Abstract

BACKGROUND: In acute myeloid leukemia (AML), cytogenetic and molecular genetic abnormalities are known to play an essential role in the pathogenesis and are now accepted to be of paramount prognostic significance. However, mitochondrial dysfunction is also emerging as a major factor of importance in cancer. The mitochondrion has its own double-stranded circular 16.569 base pairs DNA (mtDNA) encoding 13 genes involved in oxidative phosphorylation and the respiratory chain, 2 rRNAs, and 22 tRNAs. As such, they are important in apoptosis and might, thus, be crucial in response to chemotherapy and to disease progression.

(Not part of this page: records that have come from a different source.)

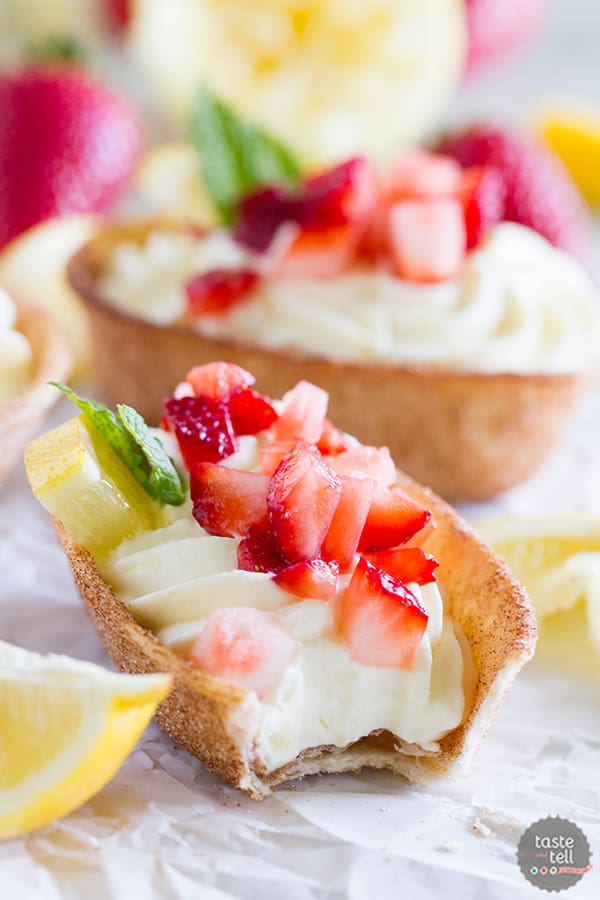 Light and lemony, these Lemon Cream Taco Boats have cinnamon-sugar coated tortilla boats filled with a creamy, luscious lemon cream. Top them off with diced strawberries for a perfect summer treat.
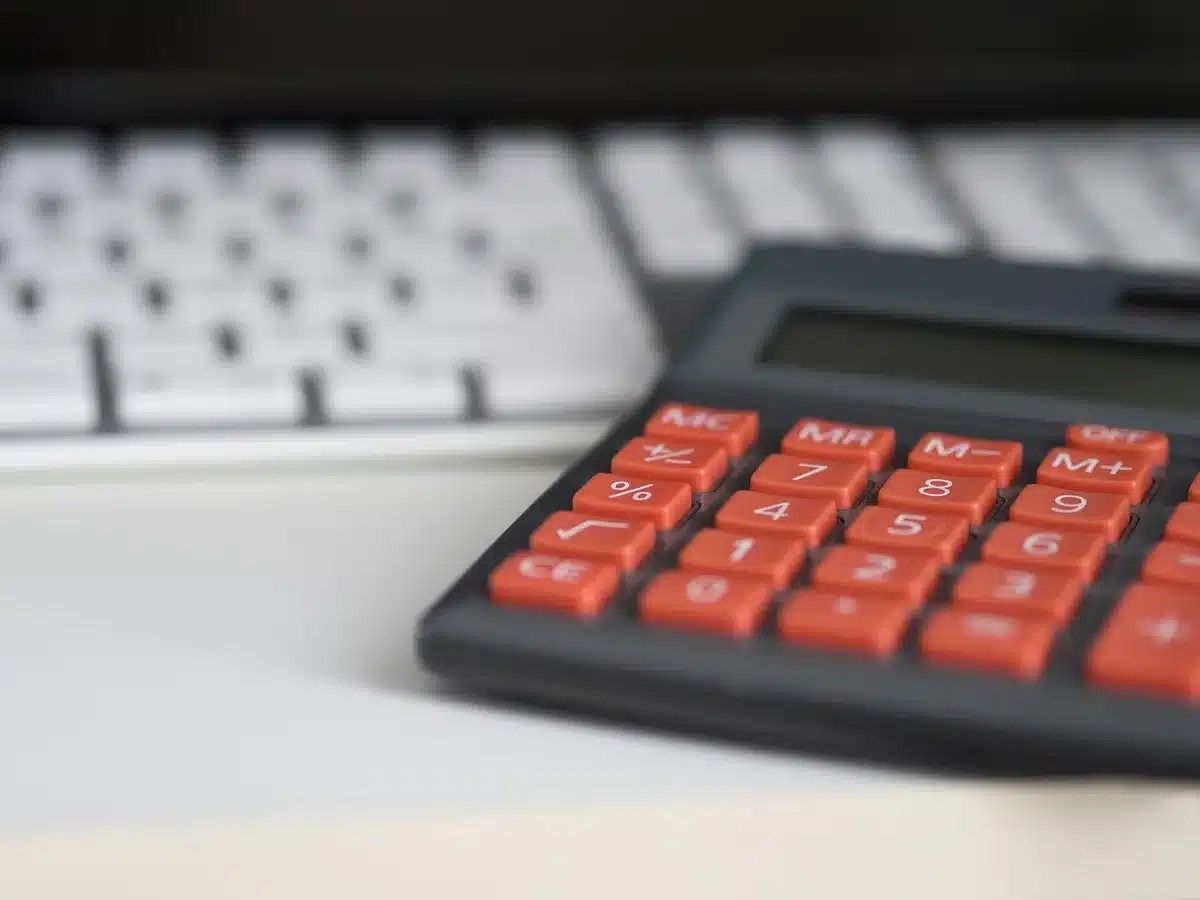 Mãos a calcular impostos com documentos e calculadora numa secretária
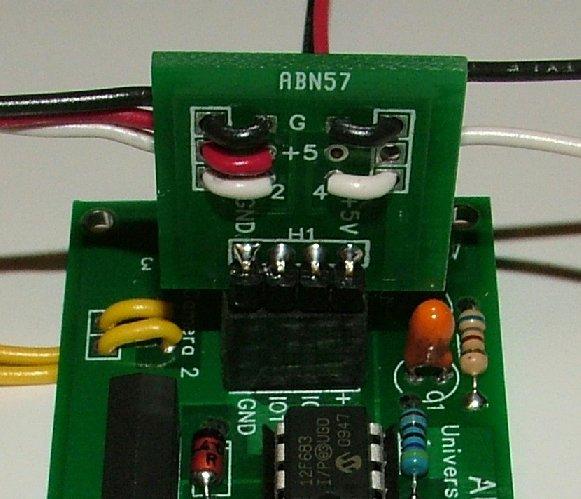 Note that the solder pad marked 2 actually connects that sensor to PICAXE I/O pin #1. Figure 23. The terminator for a sensor array. The wires on the left and right sides connect to sensor PCBs.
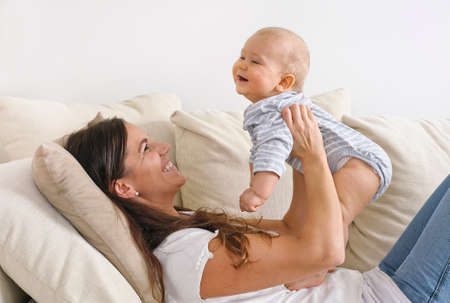 Mother lifts her baby son in the air  Sheの写真素材
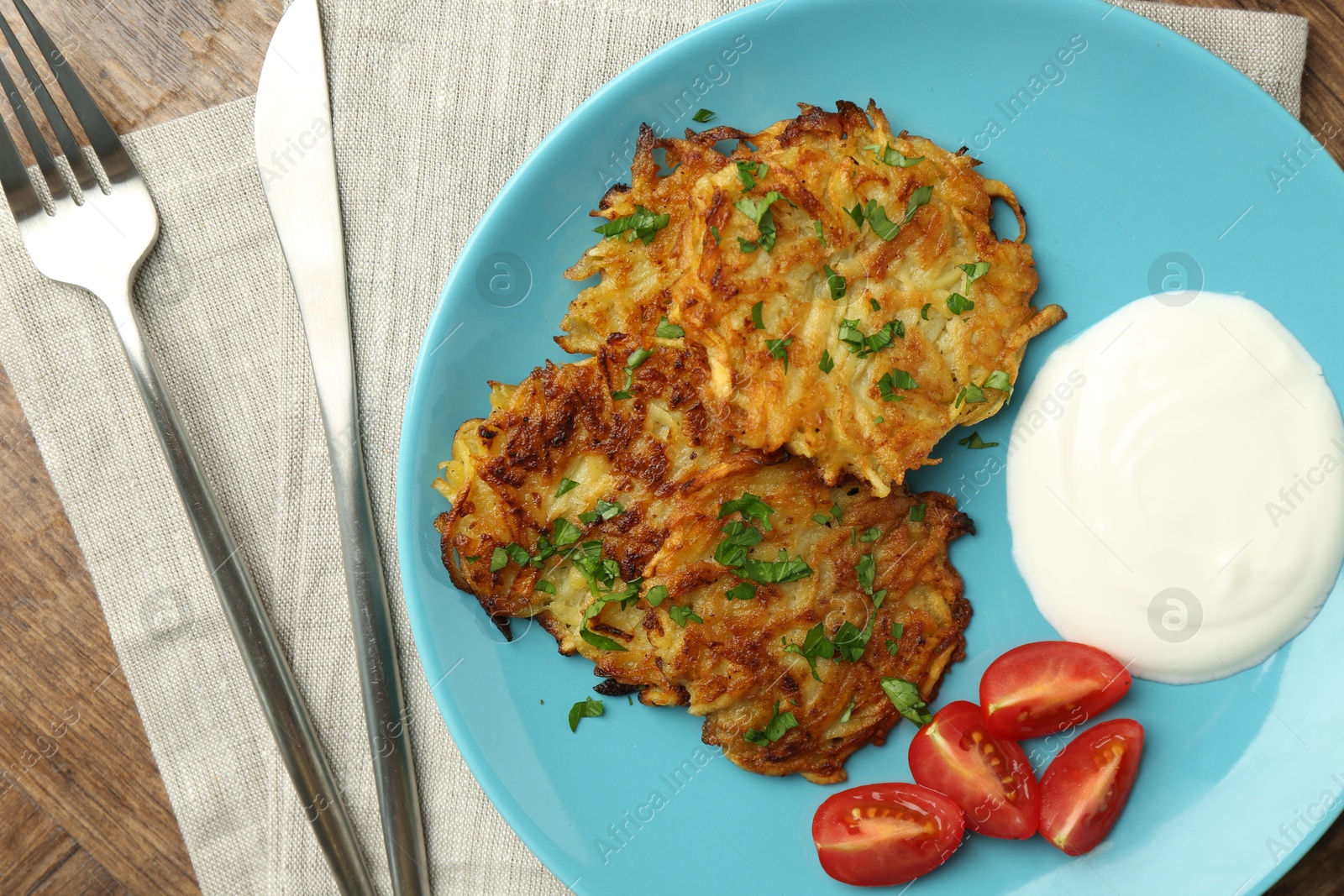 Photo of Delicious potato pancakes served on table, flat lay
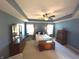 Main bedroom with carpeted floor, ceiling fan, and ample furniture space at 5211 Nicodemus Dr, Plainfield, IN 46168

The purpose of this study was to determine if mtDNA mutations are of importance to outcome of chemotherapy and to long-term survival in AML.

METHODS: The whole mitochondrial genome was sequenced using a resequencing system based on 46 PCR amplicons (MitoSEQr, Applied Biosystems, Foster City, CA) performed on a Genetic Analyzer 3130 (Applied Biosystems). Diagnostic bone marrow from 20 patients with AML, treated with curative intent, was analyzed. To avoid problems with misinterpretation of heteroplasmy due to admixture of other non-malignant cells, all patient samples selected had more than 80 percent blasts according to immunophenotyping. Data were analyzed using SeqScape v.2.5, Applied Biosystems and statistically analysis in Stata 10.

RESULTS: We sequenced the entire mitochondrial genome in 20 patients with AML with 99.5% base pairs sequenced (in 20 patients 329.734 base pairs were successfully sequenced out of 331.380 possible), and compared our findings with clinical data and survival data. In both coding and non-coding regions, a total number of 432 mutations (substitutions, insertions, and deletions) (range 8–44, median 15.5) were found. Mutations were scattered throughout the entire mitochondrial genome, and observed in all genes as well as in non-coding regions. Though, most were known polymorphisms in the Mitomap database (www.mitomap.org), eleven of the non-synonymous mutations were novel in the Mitomap database. All patients had non-synonymous mutations, resulting in amino acid changes (range 2–10, median 3.5), with a total number of 90 non-synonymous mutations. Two of the known non-synonymous mutations were present in all patients (A8860G, A15326G). While most changes were homoplasmic changes, heteroplasmic ones were observed in 12 of 20 patients (range 1-2). Notably, by dividing the patients by the median of the total number of mutations, patients with less than 16 mutations have a 5 years survival of 50% as compared to 10% for patients with 16 mutations or more. This revealed a significant (p=0.04) impact on overall survival of total number of mutations in both coding and non-coding regions (Fig.). Importantly, regression analysis revealed that the number of mutations was independent of age. The non-synonymous mutations show a trend towards a difference in overall survival (p=0.07).

CONCLUSION: This is, to our knowledge, the first demonstration of a prognostic impact on survival in AML patients of mutations in the mitochondrial DNA. Further studies on more patients are, however, clearly warranted to discern by which mechanisms mitochondrial DNA mutations are impacting prognosis in AML. Disclosure: No relevant conflict of interest to declare.

Disclosures: No relevant conflicts of interest to declare.